The following is an example of the custom_entity input format, which is for reference only. You need to modify the information about the custom fault entity as required.

{
    "41001": {       # Fault code. Customize fault codes based on the actual situation and ensure fault codes are different from those supported by MindCluster Ascend FaultDiag.
        "attribute.class": "Software",
        "attribute.component": "AI Framework",
        "attribute.module": "Compiler",
        "attribute.cause_zh": "Failed to merge abstract types",
        "attribute.description_zh": "During gradient calculation for the function output, the abstract types do not match. As a result, the abstract types fail to be merged.",
        "attribute.suggestion_zh": [
               "1. Check whether the output type of the gradient calculation function is the same as that of sens_param.
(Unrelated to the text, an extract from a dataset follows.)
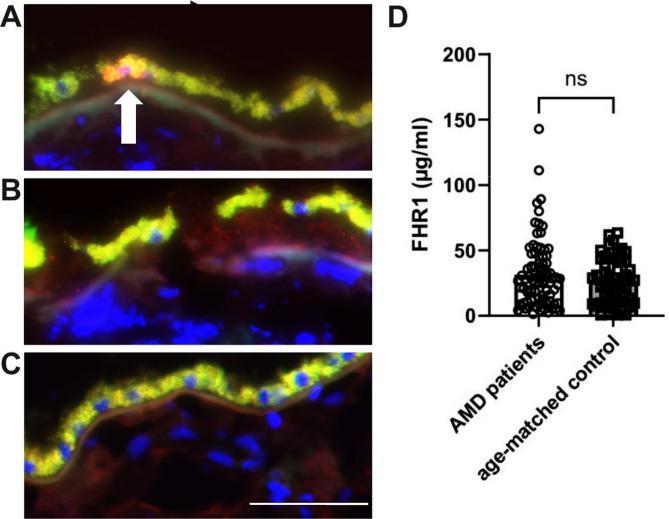 https://cdn.ncbi.nlm.nih.gov/pmc/blobs/42ec/12226897/1869620f91fa/12974_2025_3499_Fig1_HTML.jpg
If they are different, change them to the same type;",
               "2. Error "Type Join Failed" is displayed during automatic derivation."
           ],
        "attribute.error_case": [
            "grad = ops.GradOperation(sens_param=True)",
            "# Output type of test_net: tuple (Tensor, Tensor)",
            "def test_net(a, b):",
            "    return a, b"
              ],
        "attribute.fixed_case": [
            "grad = ops.GradOperation(sens_param=True)",
            "# Output type of test_net: tuple (Tensor, Tensor)",
            "def test_net(a, b):",
            "    return a, b"
            ],
        "rule": [
            {
                "dst_code": "20106"
            }
        ],
        "source_file": "TrainLog",
        "regex.in": [
            "Abstract type", "cannot join with"
            ]
    }
}

For details about the parameters in custom_entity, see Table 1.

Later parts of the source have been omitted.